[Records from a data collection]
Start of Block
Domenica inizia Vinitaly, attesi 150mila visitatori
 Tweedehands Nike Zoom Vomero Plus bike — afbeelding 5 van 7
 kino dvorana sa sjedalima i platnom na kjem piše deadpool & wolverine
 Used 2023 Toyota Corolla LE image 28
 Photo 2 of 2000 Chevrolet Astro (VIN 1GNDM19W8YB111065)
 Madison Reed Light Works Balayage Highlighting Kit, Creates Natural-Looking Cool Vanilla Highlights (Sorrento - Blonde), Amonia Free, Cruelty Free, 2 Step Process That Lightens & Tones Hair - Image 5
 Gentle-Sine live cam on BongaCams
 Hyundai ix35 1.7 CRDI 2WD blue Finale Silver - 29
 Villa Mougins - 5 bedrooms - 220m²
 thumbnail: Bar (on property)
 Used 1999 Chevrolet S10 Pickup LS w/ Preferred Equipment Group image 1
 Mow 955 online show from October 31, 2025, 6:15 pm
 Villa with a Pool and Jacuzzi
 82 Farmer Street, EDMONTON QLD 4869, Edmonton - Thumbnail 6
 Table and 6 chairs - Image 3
End of Block
#### YOUR GOAL
Nothing but the lines from the one containing "Used 1999 Chevrolet" to the end of the records above should appear, each copied exactly.

#### PROBLEM SOLUTION
 Used 1999 Chevrolet S10 Pickup LS w/ Preferred Equipment Group image 1
 Mow 955 online show from October 31, 2025, 6:15 pm
 Villa with a Pool and Jacuzzi
 82 Farmer Street, EDMONTON QLD 4869, Edmonton - Thumbnail 6
 Table and 6 chairs - Image 3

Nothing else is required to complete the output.